For business owners, this case is a reminder that workplace litigation often operates under a different costs framework from ordinary contract, debt or shareholder disputes. In many commercial cases, parties expect that the loser will usually pay at least part of the winner’s costs. Fair Work Act proceedings are different. Section 570 narrows the circumstances in which costs can be awarded, and courts apply that power cautiously.
That means a business can successfully defend a Fair Work claim and still be left to absorb its own legal costs. The same is true in reverse. A business bringing or defending a workplace claim should budget on the basis that costs recovery may be limited unless there is a clear statutory basis for it.

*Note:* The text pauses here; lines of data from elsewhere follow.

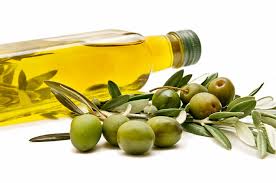  Huile D'olive Tunisienne Extra Vierge - huiles 	bonjour un producteur de huile d'olive extra vierges de haut qualité biologique mise en vente son part conditionné bouteille en verre d'un litre et demi litre . livraison tout destination les prix fob --possibilité demande son propre marque pour la mise en bouteille --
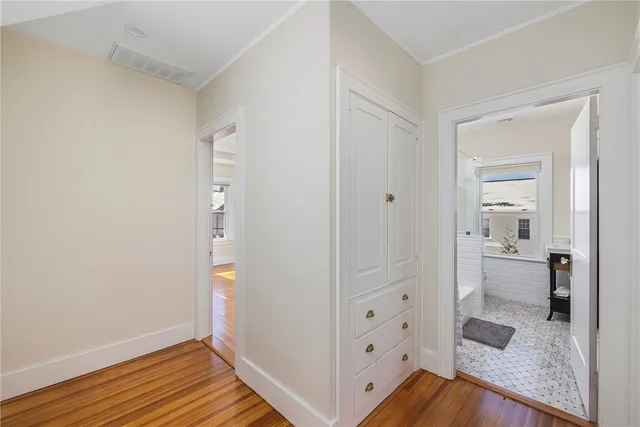 $6,000 | 26 Narragansett Avenue, Newport, RI 02840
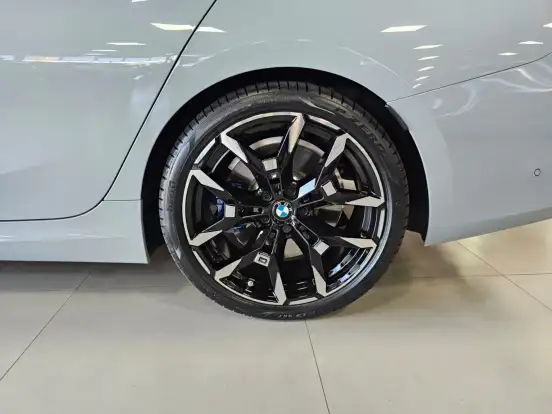 BMW-320i-2.0 16V TURBO FLEX M SPORT AUTOMÁTICO BMW-320i-2025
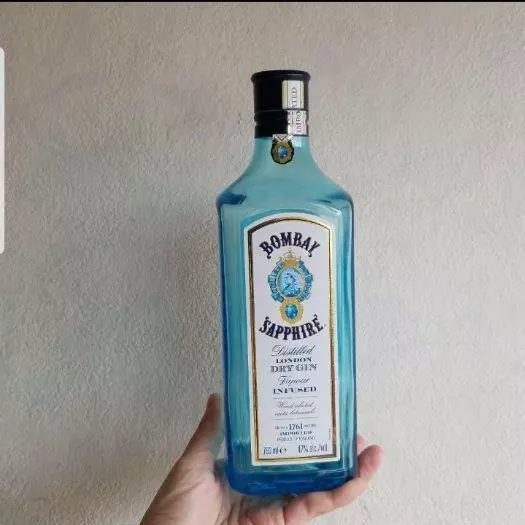 Bombay Sapphire Gin Blue Bottle Empty Japan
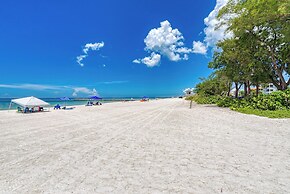 Cottage Haven-one Minute Walk To The Beach-private Yards-keyless Locks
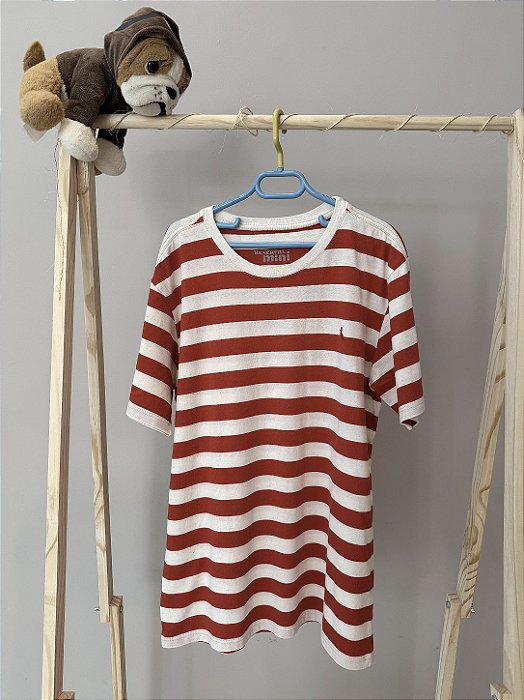 TAM 14. Reserva. Blusa básica com listras brancas e vermelhas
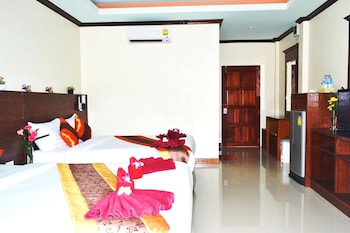 peaceful resort koh lanta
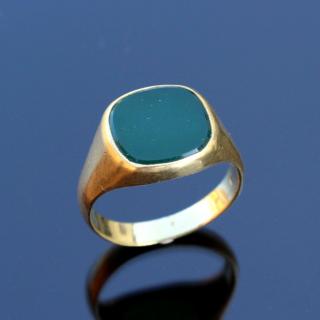 Zlatý pánský prsten zelený kámen v62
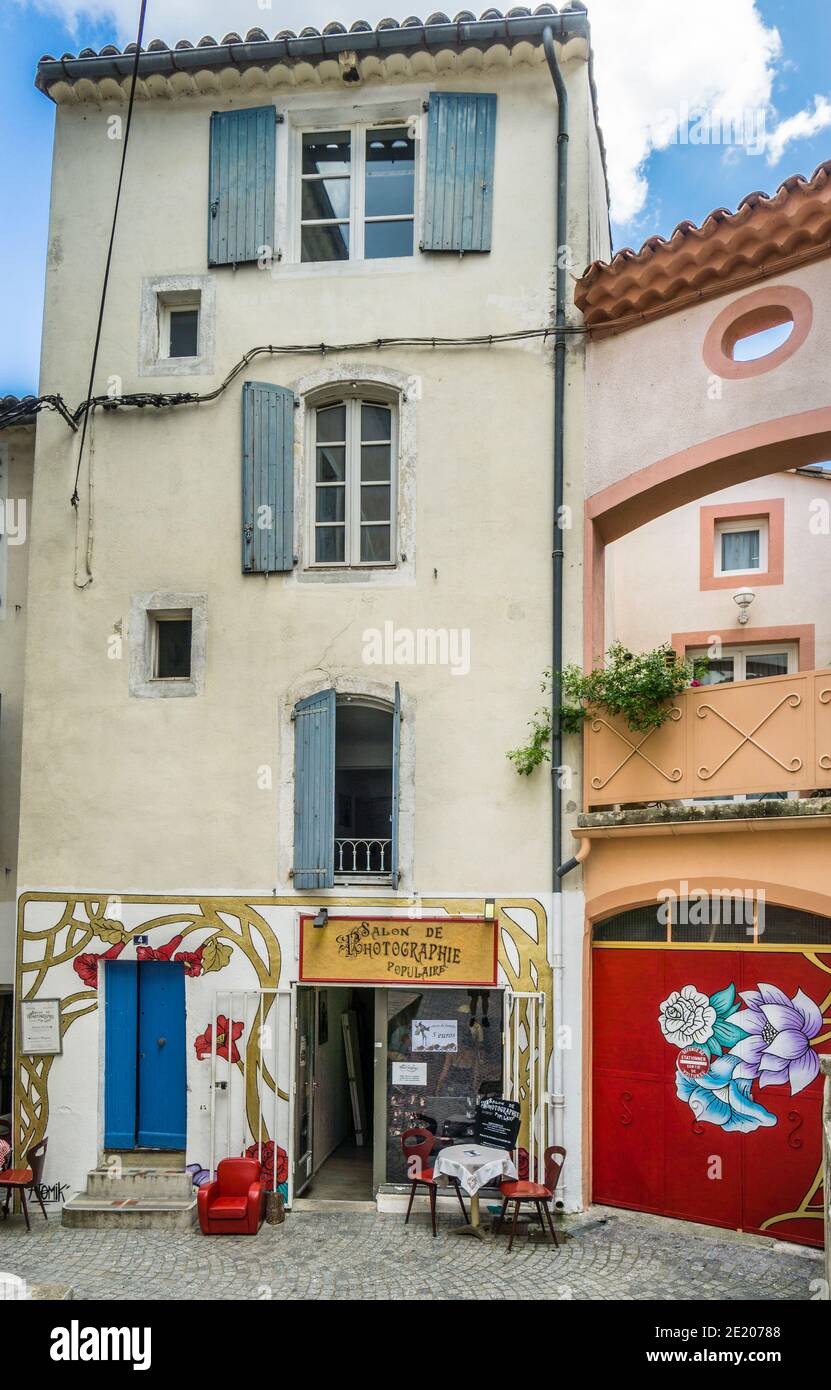 Fotostudio-Shop-Haus in der Rue Pérot in der antiken Stadt Anduze, Abteilung Gard, Okzitanien, Südfrankreich Stockfoto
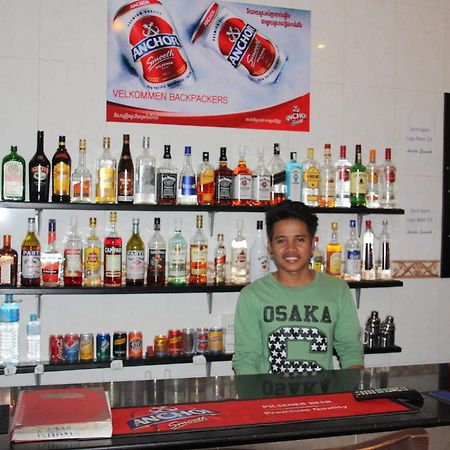 Riverside Backpackers Phnom Penh Dış mekan fotoğraf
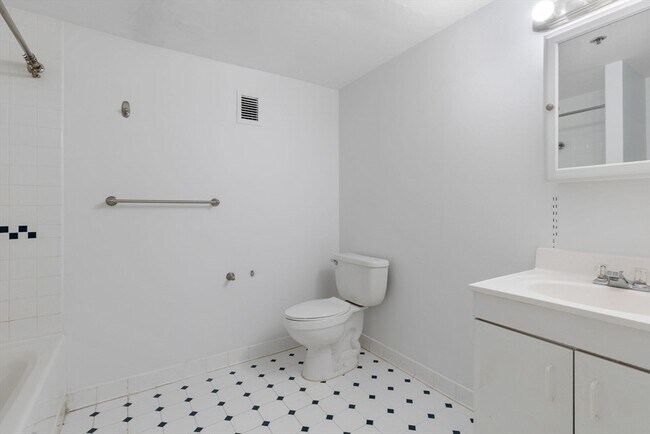 Building Photo - 534 Beacon St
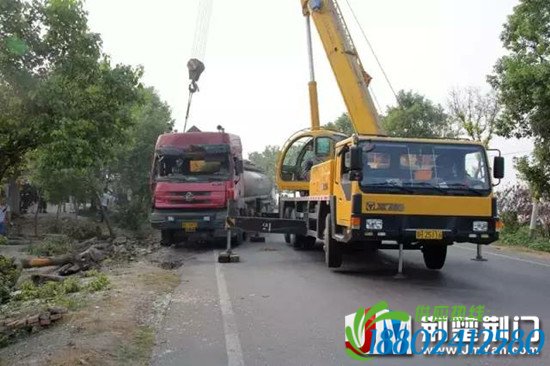 满载40吨浓硫酸槽罐车侧翻 荆门沙洋消防成功排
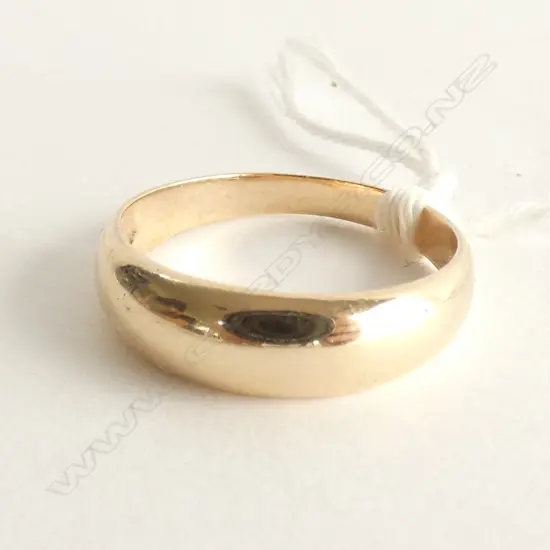 9K YELLOW GOLD ROUNDED TAPERED BAND RING 3gms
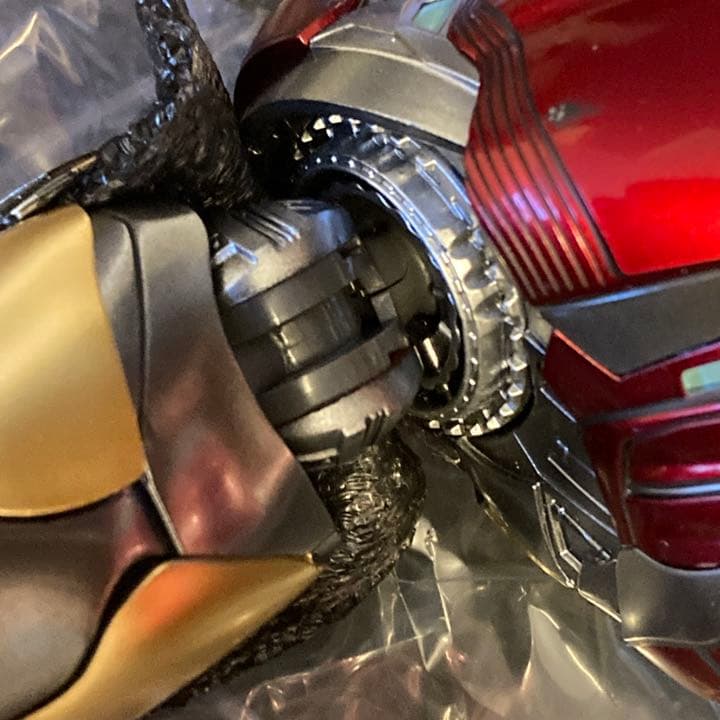 トイサピエンスマスターピース アイアンマンマーク85 エンドゲーム ヘッド交換済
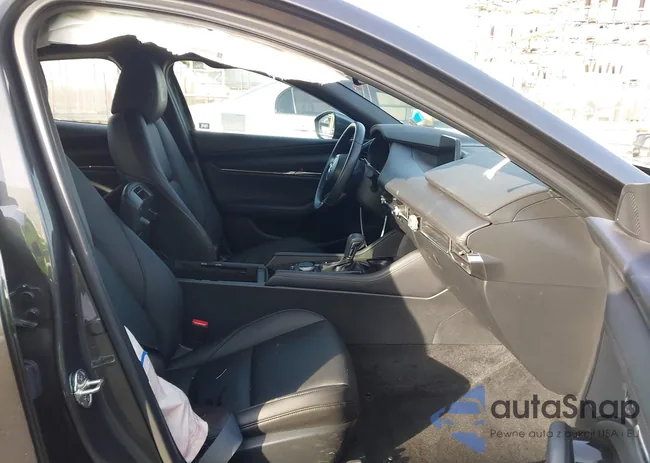 JM1BPALM3R1716892: 44266398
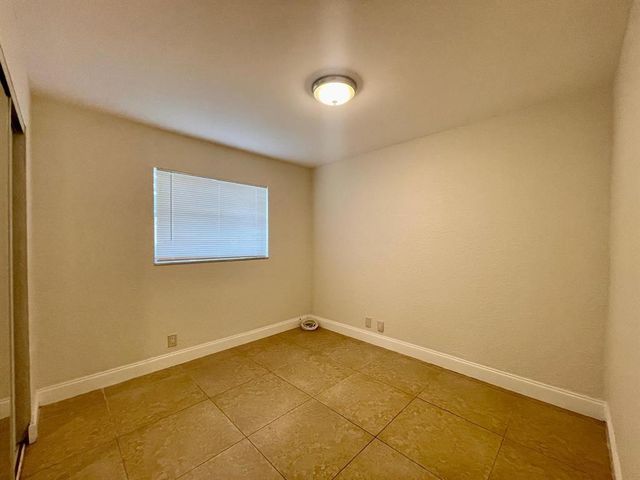 601 NE 29th Drive 7, Wilton Manors, FL 33334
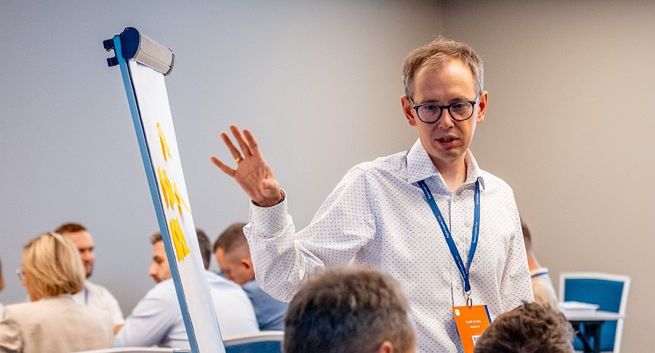 Kazik Surała z Philip Morris do Insightland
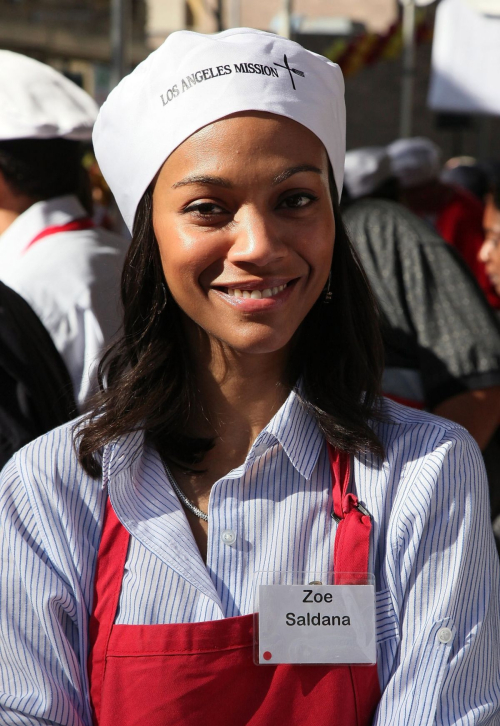 Zoe Saldana Thanksgiving Lunch Homeless Los Angeles, 2009 2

This decision also shows how settlement strategy affects later costs arguments. If you want to rely on a settlement offer as evidence that the other side acted unreasonably, the offer should be made early enough to be properly assessed. It should clearly identify the legal and factual weaknesses you say make the case untenable. It should also make the intended costs consequences plain. A letter sent just before trial may still be useful, but it may have less force if the other side has only a short time to evaluate it and the issues remain genuinely arguable.
Businesses should also be careful not to confuse a weak case with an unreasonable one. The Court accepted that the Ombudsman’s arguments ultimately failed, but still held that it was not unreasonable to run them. That distinction matters when deciding whether to spend time and money on a costs application after winning the main case.
The underlying liability issues in this matter also show how complex industrial disputes can become. The Ombudsman had advanced multiple pathways to union liability, including direct liability for organising the picket, attribution through agency and statutory provisions, accessorial liability, and common law vicarious liability. Even where those arguments fail, they may still require detailed evidence and legal analysis. For employers operating in unionised environments, disputes involving industrial action, picketing or alleged intimidation can quickly move beyond simple factual questions and into difficult issues of attribution and responsibility.
In practice, businesses should get advice early, preserve documents and communications, and think carefully about both liability and costs strategy. A sensible settlement offer can still be valuable, but it should be part of a broader litigation plan rather than a last-minute attempt to create a later costs argument.